= KSLU (Saint Louis University) =

Student media organization in Missouri, US

KSLU is a student media organization at Saint Louis University (SLU) in St. Louis, Missouri. The organization, which is affiliated with the College of Arts & Sciences' Department of Communication, provides "Saint Louis University and the St. Louis community with a student-run, tangible media outlet; providing new music, talk radio, written publication, as well as other student needs". Its studios and offices are located in the university's Busch Student Center building.

KSLU traces its founding to the establishment of a carrier current radio station, that was set up at the university in 1949. As technologies for distributing audio programming have evolved, KSLU has employed, in turn, AM and FM radio broadcasting, transmission over cable TV channels, and, most recently, streaming audio and podcasts available over the internet.

== Early history (KBIL) ==
Saint Louis University was a prominent pioneer in early radio development. The university began experimentation with spark transmitters in 1912, transmitted daily weather reports over station 9YK beginning on April 26, 1921, received a license for one of the first AM broadcasting stations in the United States, WEW, in March 1922, and began operating one of the earliest FM stations, WEW-FM, in 1947. However, the FM station was shut down in late 1949, and, in the mid-1950s, WEW, which was a faculty-run, religious station, was sold to a commercial operator.

Meanwhile, in 1949 the SLU communications department established a student-run carrier current radio station, operating on the AM band. Information on the frequency used is scarce, but in 1970 the station was transmitting on 600 kilohertz. Its description in the 1955 Saint Louis University Yearbook stated that the three main purposes of the station were to "provide a practical training ground for those who are training themselves for the radio profession", act as "an interesting and valuable extra-curricular activity", and provide "entertainment particularly designed to satisfy its student audience". Because its signal was very low power, providing service only to the university campus and immediately adjoining areas, the station did not need a Federal Communications Commission (FCC) license in order to operate. In addition, as an unlicensed station, it was never assigned official call letters by the FCC. However, for identification purposes, the moniker "KBIL"—referring to the school's "Billiken" mascot—was adopted for use on the air.

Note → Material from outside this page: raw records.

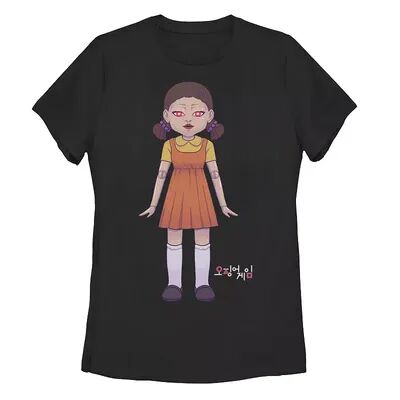 Licensed Character Juniors' Squid Game SG Doll Logo Tee, Women's, Size: Small, Black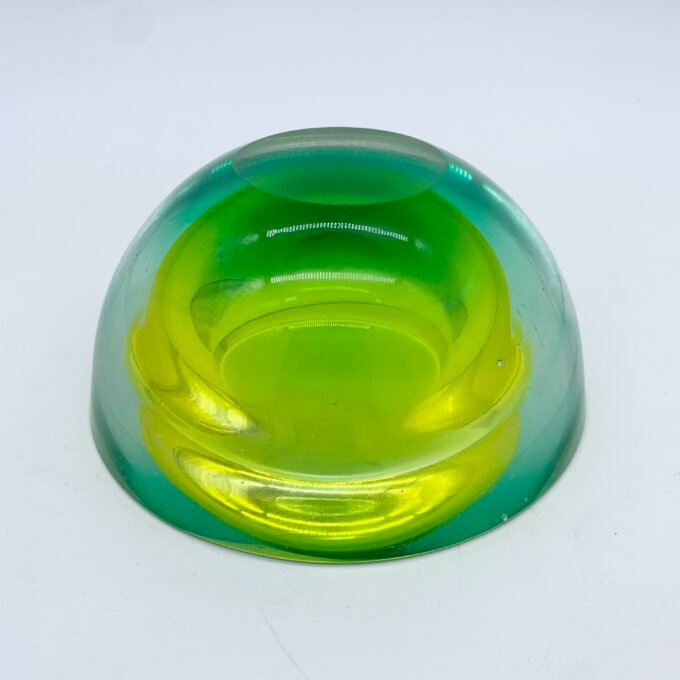 CENDRIER FLAVIO POLI, MURANO, VERT/JAUNE, SEGUSO, 1970 – Image 13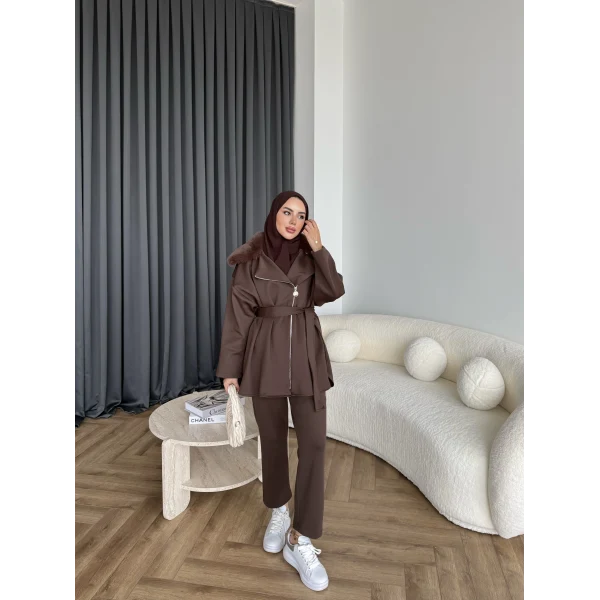 Vare Yakası Kürklü Scuba Takım - Acı Kahve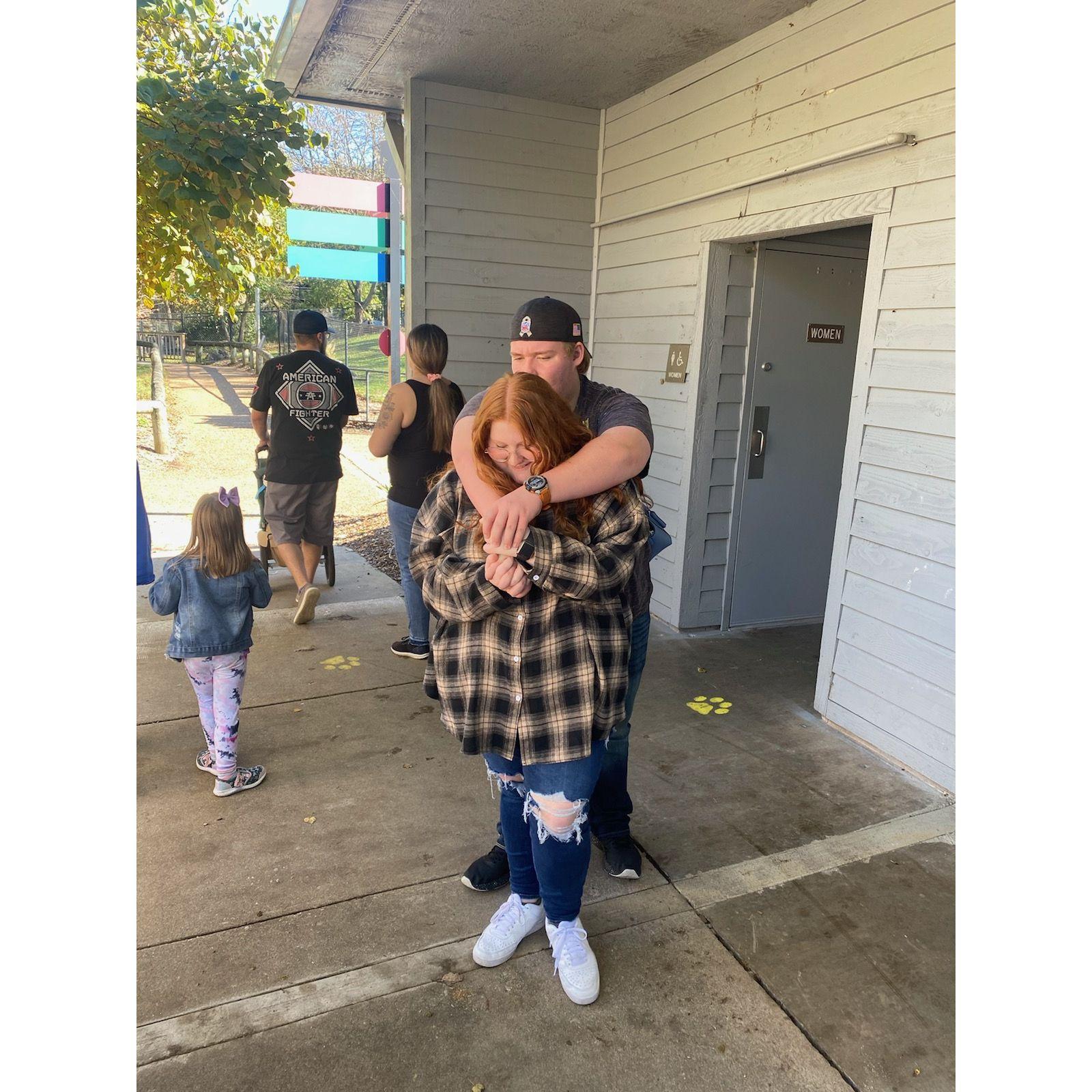 This was our 2nd date, his mom and dad took a picture of us!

Although KBIL rarely received attention beyond of the confines of the SLU campus, it did briefly gain national attention in February 1955, when Dave Lukefahr and Joseph Kessler played a Betty Clooney record, "So All Alone", 1,323 times over a 60-hour period, surpassing by one hour the old mark for repetitive airplay.

== Evolution (KSLU) ==
In 1983, a recently established FM station in San Angelo, Texas, that had been officially assigned KBIL (now KDCD) as its call letters by the FCC, complained about the duplicate use of its callsign by the SLU operation. As a result, the SLU station moniker was changed from "KBIL" to the still-used "KSLU".

KSLU's AM band carrier current transmitter was eventually taken out of service, and a low-power FM transmitter operated until the mid -1990s. Its programming was later made available as background audio over cable TV channel 12, followed by the establishment of online streaming.

Between 1992 and 1998 KSLU expanded its activities, publishing Fiber, a college music magazine, and hosting concerts at the Reinert Pub, a student tavern on the ground floor of Reinert Hall. An attempt in 2000 to return to the airwaves as a low-power FM station was unsuccessful, however, the development of internet streaming means that over-the-air broadcasting is no longer needed for it to reach its audience. KSLU added a Sports department in 2007, with sports talk shows and live broadcasts of SLU Billikens sporting events.

== Today ==
KSLU currently broadcasts 24 hours a day, over cable channel 18 on the SLU campus and online. In addition, it offers a mobile disc-jockey service for on-campus events, publishes Already Bored (a successor of Fiber and The Amp), and organizes music events.